Sem querer, nem saber ao que ia, fui desaguar numa festa de aniversário de um jornal sensacionalista – o 24 Horas – com muito arrivista social e muita gente que depois aparecia enjoativamente em fotografias, tão ao género cultivado pelas revistas sociais, projectadas na parede do recinto.
A culpa foi da outra metade da sociedade conjugal. Ela sabe do que a casa gasta. Fosse ela revelar ao que íamos e sabia que na minha companhia não ia parar àquela festa. Soube-me pescar como deve ser. Disse que era um "evento" (nunca usou a palavra "festa") em que uma empresa de catering nossa conhecida se ia estrear no negócio do sushi. O pretexto ideal para me empurrar para um local e uma circunstância onde, sabia-o bem, jamais poria os pés se soubesse ao que ia.
Uma vez lá entrado, não podia colocar trombas em sinal de desagrado. O sushi prometia e o anfitrião (não o jornal; o senhor Mendes, da empresa de catering) foi tão amável que não merecia a desconsideração. Interiorizei o desconforto e tentei não contagiar o fácies com a sensação do peixe fora de água (que era assim que me sentia – e juro que a sensação não era influenciada pelo peixe cru que estava prestes a comer). O truque não era fazer de conta que o peixe respira fora do aquário. O truque consistia em apreciar a fauna que ora se extasiava, ora lançava olhares furtivos em redor para ver quem estava e se assegurava que era vista.
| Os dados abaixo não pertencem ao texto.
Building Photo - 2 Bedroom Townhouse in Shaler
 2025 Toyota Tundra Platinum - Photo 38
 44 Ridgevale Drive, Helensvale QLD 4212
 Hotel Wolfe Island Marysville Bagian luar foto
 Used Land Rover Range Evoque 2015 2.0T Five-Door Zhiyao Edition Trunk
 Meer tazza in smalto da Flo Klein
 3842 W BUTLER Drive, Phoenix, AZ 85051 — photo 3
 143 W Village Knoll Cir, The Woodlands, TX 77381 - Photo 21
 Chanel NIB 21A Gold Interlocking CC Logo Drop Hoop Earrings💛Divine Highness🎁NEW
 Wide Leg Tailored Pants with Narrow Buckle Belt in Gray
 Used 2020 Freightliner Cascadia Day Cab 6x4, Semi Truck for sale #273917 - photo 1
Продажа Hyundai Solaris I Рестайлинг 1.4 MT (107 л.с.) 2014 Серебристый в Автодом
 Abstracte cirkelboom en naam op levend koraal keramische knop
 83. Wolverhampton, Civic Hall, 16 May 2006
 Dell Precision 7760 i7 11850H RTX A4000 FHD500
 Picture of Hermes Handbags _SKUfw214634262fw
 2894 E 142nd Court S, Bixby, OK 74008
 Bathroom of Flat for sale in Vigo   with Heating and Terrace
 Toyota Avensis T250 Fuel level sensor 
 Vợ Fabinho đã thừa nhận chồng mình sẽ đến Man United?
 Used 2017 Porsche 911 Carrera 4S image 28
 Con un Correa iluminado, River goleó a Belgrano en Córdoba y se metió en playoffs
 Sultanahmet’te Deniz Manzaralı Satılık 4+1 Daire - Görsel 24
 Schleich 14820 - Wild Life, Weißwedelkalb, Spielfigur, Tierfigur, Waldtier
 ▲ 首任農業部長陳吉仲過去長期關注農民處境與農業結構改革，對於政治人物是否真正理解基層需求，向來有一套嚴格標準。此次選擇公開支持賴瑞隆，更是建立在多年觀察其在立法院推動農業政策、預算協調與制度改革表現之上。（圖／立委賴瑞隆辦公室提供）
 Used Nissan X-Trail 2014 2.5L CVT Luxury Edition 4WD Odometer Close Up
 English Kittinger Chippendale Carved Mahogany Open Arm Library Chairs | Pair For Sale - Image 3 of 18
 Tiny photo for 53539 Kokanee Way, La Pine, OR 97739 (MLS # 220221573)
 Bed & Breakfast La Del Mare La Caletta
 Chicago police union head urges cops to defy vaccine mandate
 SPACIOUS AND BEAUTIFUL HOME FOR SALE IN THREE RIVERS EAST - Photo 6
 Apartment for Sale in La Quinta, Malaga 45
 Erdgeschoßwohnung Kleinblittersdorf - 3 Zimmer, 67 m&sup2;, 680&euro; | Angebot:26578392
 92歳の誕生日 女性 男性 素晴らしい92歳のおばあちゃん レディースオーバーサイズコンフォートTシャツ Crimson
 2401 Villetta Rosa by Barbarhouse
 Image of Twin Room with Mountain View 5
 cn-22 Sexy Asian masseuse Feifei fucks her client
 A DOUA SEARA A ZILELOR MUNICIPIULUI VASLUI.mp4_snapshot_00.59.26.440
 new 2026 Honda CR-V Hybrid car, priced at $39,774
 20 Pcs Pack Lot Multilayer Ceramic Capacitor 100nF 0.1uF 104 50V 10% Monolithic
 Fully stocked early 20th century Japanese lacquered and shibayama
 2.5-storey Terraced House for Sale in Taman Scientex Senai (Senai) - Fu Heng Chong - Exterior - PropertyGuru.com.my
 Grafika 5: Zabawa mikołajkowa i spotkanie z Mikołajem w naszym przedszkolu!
Tive que me entreter com o ambiente em redor. Era heterogéneo. Por lá pululavam os connaisseurs do métier, ou seja, aquelas caras repetitivas que não paravam de aparecer nos diapositivos projectados numa das paredes do recinto, como se fosse um exercício de onanismo narcísico dos ditos. Andava gente engravatada, de outra faixa etária (mais avançada), que parecia medir os passos com a timidez de quem não se encontrava à vontade no meio. Pareciam-me altos funcionários bancários – que os jornais, como tudo o que se mexa, dependem da generosidade creditícia dos bancos. Traziam a tiracolo a prole adolescente. Elas com vestidos de gala, eles engalanados com pulôveres de cores garridas. Uma vampe, no interstício dos quarenta e dos cinquenta, a esvoaçar o frasco inteiro de perfume que havia derramado nas vésperas do acontecimento. Ela cirandava, altiva, ostentando os implantes mamários que sacou ao endinheirado consorte, reivindicando os olhares masculinos para conforto das suas fantasias indizíveis. E havia muitos representantes da sexualidade alternativa (bem entendido: alternativa em relação à minha) que emprestavam um colorido especial à festa.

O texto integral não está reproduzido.